The title of this article may seem curious, but there is a point to it. Consider the fact that “assault weapon” is an intentionally nebulous, malleable term created and promoted by anti-gun extremists with the stated intent of creating confusion. A “weapon” can actually be anything that is simply used to inflict damage or bodily harm. It can be specifically designed to be used as a weapon, but could it be the actual use of the item, not the design, that makes the ultimate determination as to whether it is, indeed, a “weapon”?
This may be a philosophical debate, but is an antique rifle hung above a fireplace—one never intended to be taken down, loaded, and fired—still a “weapon” because of its design, or has it now become a decoration because of its actual ornamental use?
To take an even deeper philosophical dive, is a chair’s existence in the universe somehow magically altered from furniture to “weapon” the moment someone picks it up to strike someone else? Perhaps this is a loose variation on the quantum mechanics thought experiment of Schrödinger’s cat.
The chair is both furniture and weapon, and the rifle is both weapon and decoration, until someone “opens the box” to decide the application, thus determining how the items will actually exist in the world.
The ultimate truth is that something is only a weapon if it is used, or intended to be used, as one. So an “assault weapon” can, technically, be any item used to “assault” someone.
But proponents of banning the possession of firearms by law-abiding US citizens have strived for decades to inculcate in the American psyche the notion that an “assault weapon” is a specific type of firearm; usually a semi-automatic rifle that incorporates a detachable magazine.
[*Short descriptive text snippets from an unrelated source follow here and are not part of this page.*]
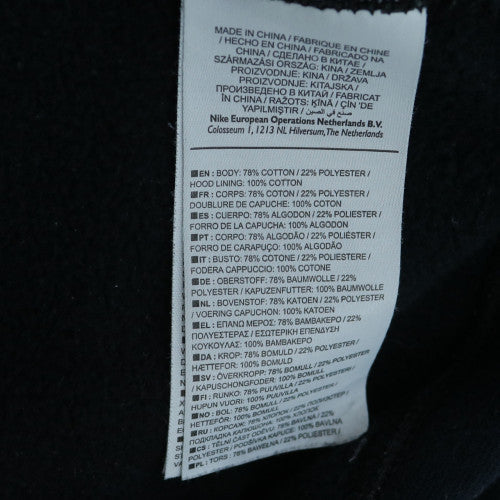 Nike SB Men's Black Pullover Hoodie Size S Regular Fit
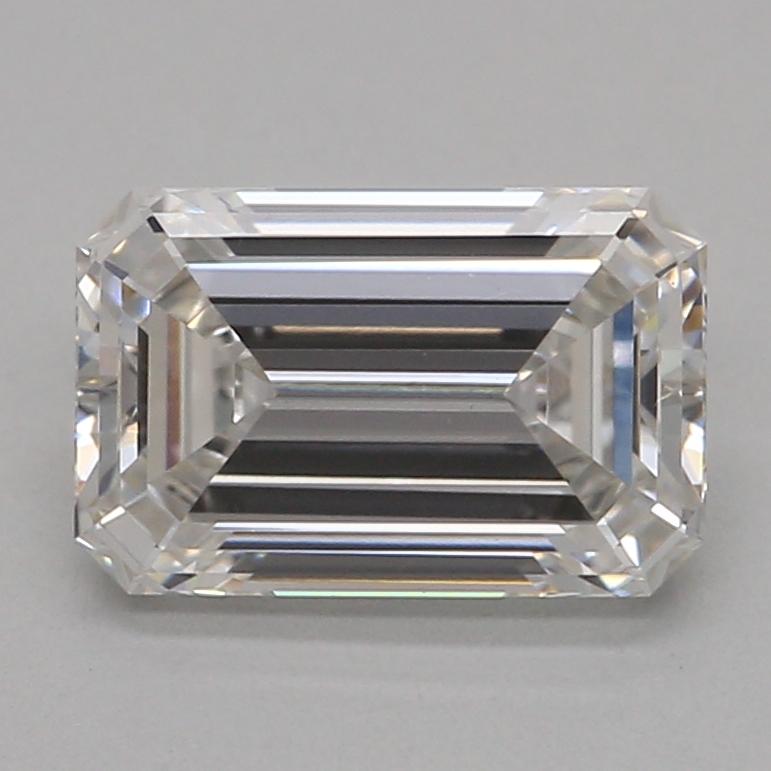 1.04 carat emerald lab-grown diamond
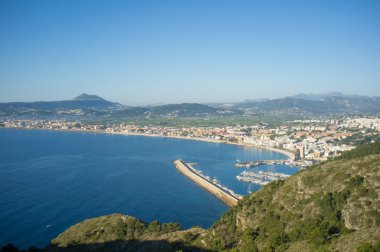 Javea bay ve liman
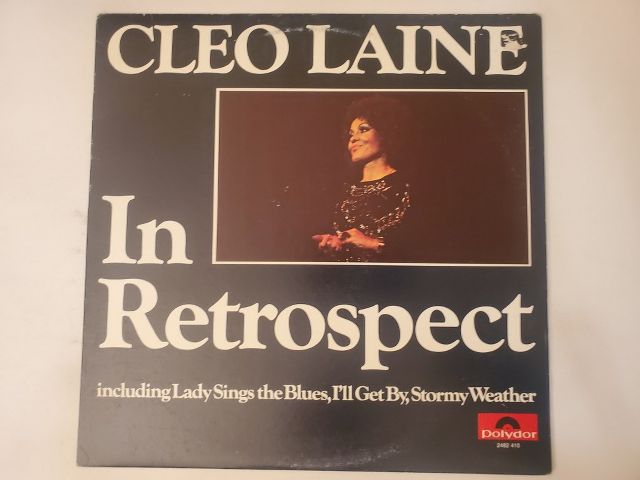 Cleo Laine In Retrospect vinyl record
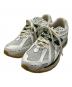NEW BALANCE（ニューバランス）の古着「ローカットスニーカー」｜ホワイト×グリーン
Today, the anti-gun industrial complex wants the image of an AR-15 to pop into your mind when it screams about banning “assault weapons,” but that wasn’t always the case. In the early days of the use of the term—in the mid-1980s—it was often semi-automatic versions of the AK-47, MAC-10, or Uzi that were depicted with the sobriquet “assault weapon.”
The term is so malleable and undefinable by design, however, that extremists have also used it to describe countless handguns and shotguns, and the ability to utilize a detachable magazine is not always considered a prerequisite for inclusion as an “assault weapon.” Indeed, even those who promote banning “assault weapons” are often so confused by their own term that they frequently either misidentify firearms, or simply cannot, or refuse to, offer a definition of the term.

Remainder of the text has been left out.